London’s housing market is increasingly unaffordable for those on low to middle incomes. While it has always been more expensive to rent or buy in the capital, the scale of the unaffordability of housing has never been greater. As a result, today’s Londoners or would-be Londoners face a range of consequences including lower levels of home ownership, increased overcrowding, and rising levels of homelessness and rough sleeping. There are also wider consequences including increasing wealth inequality and higher costs to the public purse, not least through a rising housing benefit bill. It is also affecting London’s economic competitiveness, with businesses finding it increasingly difficult to recruit and retain staff in the capital.
Building more homes, particularly affordable homes, will be crucial to tackling the affordability crisis that the capital faces. Yet the evidence shows that housing delivery is falling well short of estimated need – and the provision of affordable housing even more so. Despite a range of products on offer in the capital, the level of intermediate housing to rent and buy to support those on low to middle incomes is extremely modest.

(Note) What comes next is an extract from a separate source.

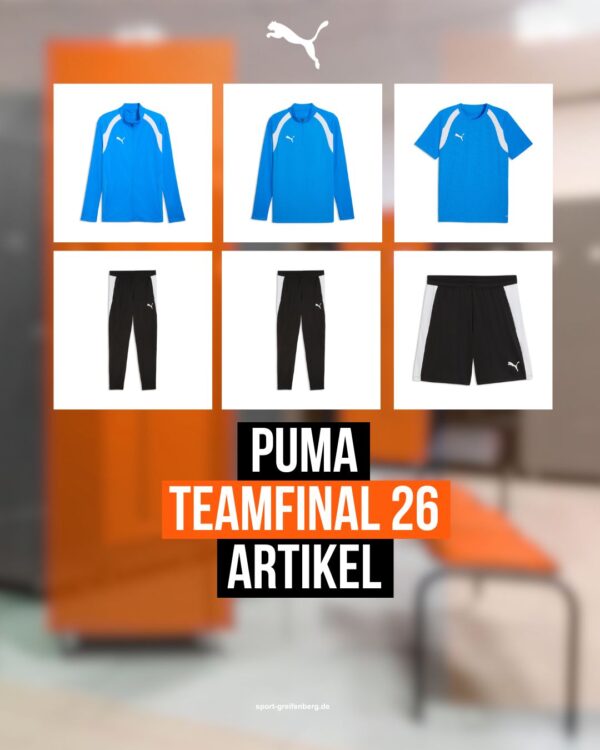 Die Puma teamFinal 26 Sportbekleidung für Vereine und Mannschaften im Teamsport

Moreover, our analysis reveals that many sub-market home ownership products on offer in the capital are in fact unaffordable and some fail to meet the aim of many households to achieve full home ownership.
The new Mayor of London, Sadiq Khan, has made a promising start, committing to a long-term strategic aim for 50 per cent of new homes to be affordable, introducing lower benchmark rents for the London Affordable Rent product, and introducing a new intermediate product in the form of the new London Living Rent. However, there’s more that can be done at all levels. Central government should, in the short term, seek to increase the capital subsidy to the London Mayor in order to increase affordable housing output. This should be followed in the medium to long term by the devolution of additional powers for the Mayor to set and retain property taxes in the capital so that London can determine its own housing future. There needs to be a clear and universal understanding of what ‘affordable’ means and each and every affordable housing product should be rated against it; those that don’t match up should not be eligible to be considered as affordable housing or supported by subsidy.